## WHAT YOU ARE ASKED TO DO:
Would you transcribe the records below from the line with "Программное обеспечение для" to the line with "Immunofluorescence analysis of", ends included, exactly and with nothing more, leaving the pictures out?

## MATERIAL SHOWN:
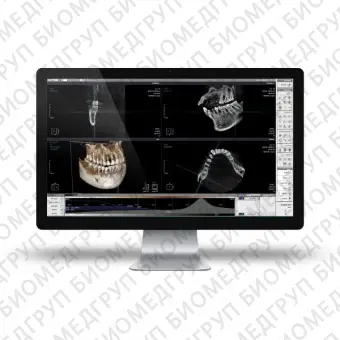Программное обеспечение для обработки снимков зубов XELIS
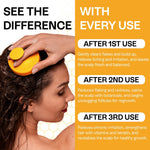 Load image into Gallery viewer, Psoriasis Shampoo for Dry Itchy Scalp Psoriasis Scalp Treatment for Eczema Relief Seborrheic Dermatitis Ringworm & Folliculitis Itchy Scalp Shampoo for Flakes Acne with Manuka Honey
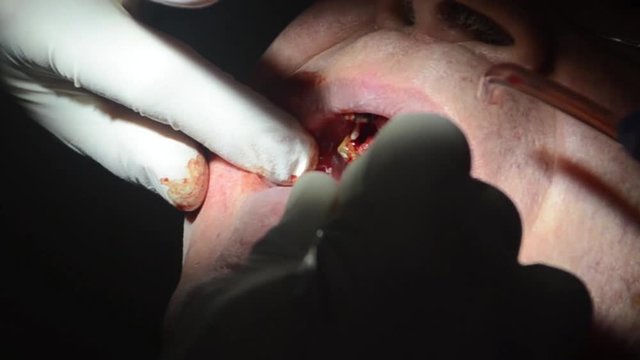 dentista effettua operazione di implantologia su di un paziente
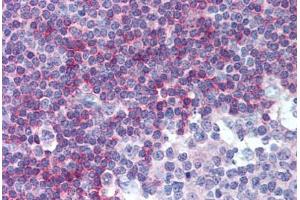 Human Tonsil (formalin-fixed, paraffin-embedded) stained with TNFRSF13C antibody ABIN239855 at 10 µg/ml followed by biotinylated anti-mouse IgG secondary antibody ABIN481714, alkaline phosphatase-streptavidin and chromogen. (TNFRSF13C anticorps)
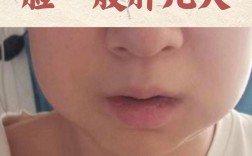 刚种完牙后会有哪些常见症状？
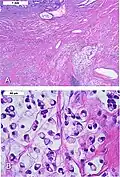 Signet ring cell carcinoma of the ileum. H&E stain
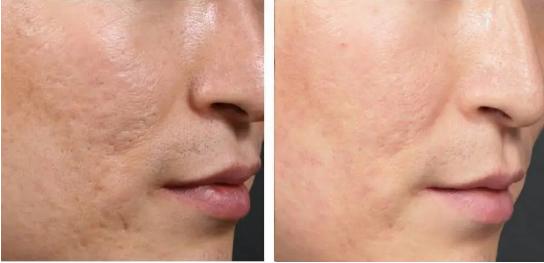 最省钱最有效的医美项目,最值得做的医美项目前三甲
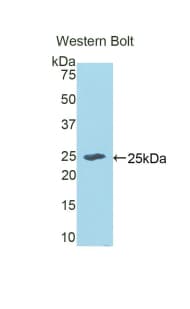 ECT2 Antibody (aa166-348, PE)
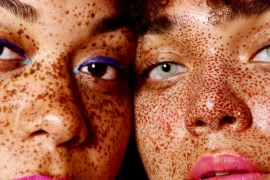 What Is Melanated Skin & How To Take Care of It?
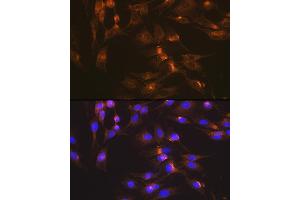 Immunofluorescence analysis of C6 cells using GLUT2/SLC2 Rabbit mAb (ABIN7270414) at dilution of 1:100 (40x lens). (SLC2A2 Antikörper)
--
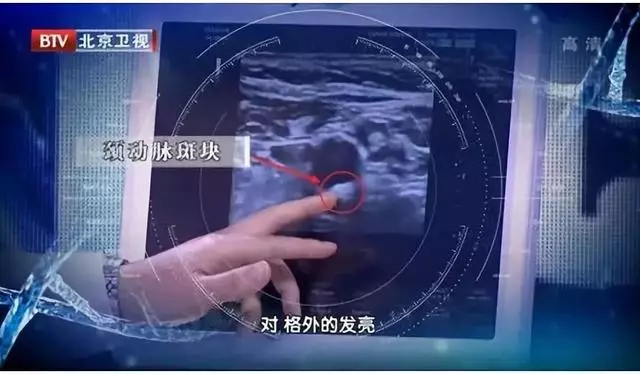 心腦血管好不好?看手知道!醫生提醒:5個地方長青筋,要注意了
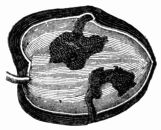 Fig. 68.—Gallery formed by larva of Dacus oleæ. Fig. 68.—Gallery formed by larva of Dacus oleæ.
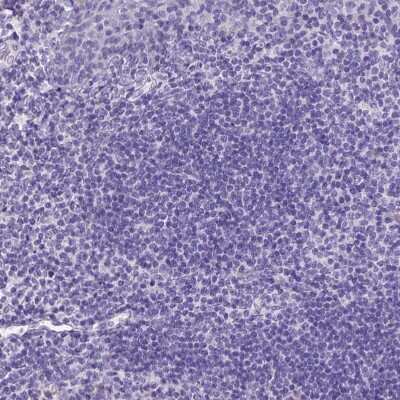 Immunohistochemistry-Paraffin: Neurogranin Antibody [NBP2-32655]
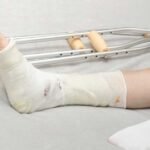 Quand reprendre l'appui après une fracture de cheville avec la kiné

## RESULT:
Программное обеспечение для обработки снимков зубов XELIS
 Load image into Gallery viewer, Psoriasis Shampoo for Dry Itchy Scalp Psoriasis Scalp Treatment for Eczema Relief Seborrheic Dermatitis Ringworm & Folliculitis Itchy Scalp Shampoo for Flakes Acne with Manuka Honey
 dentista effettua operazione di implantologia su di un paziente
 Human Tonsil (formalin-fixed, paraffin-embedded) stained with TNFRSF13C antibody ABIN239855 at 10 µg/ml followed by biotinylated anti-mouse IgG secondary antibody ABIN481714, alkaline phosphatase-streptavidin and chromogen. (TNFRSF13C anticorps)
 刚种完牙后会有哪些常见症状？
 Signet ring cell carcinoma of the ileum. H&E stain
 最省钱最有效的医美项目,最值得做的医美项目前三甲
 ECT2 Antibody (aa166-348, PE)
 What Is Melanated Skin & How To Take Care of It?
 Immunofluorescence analysis of C6 cells using GLUT2/SLC2 Rabbit mAb (ABIN7270414) at dilution of 1:100 (40x lens). (SLC2A2 Antikörper)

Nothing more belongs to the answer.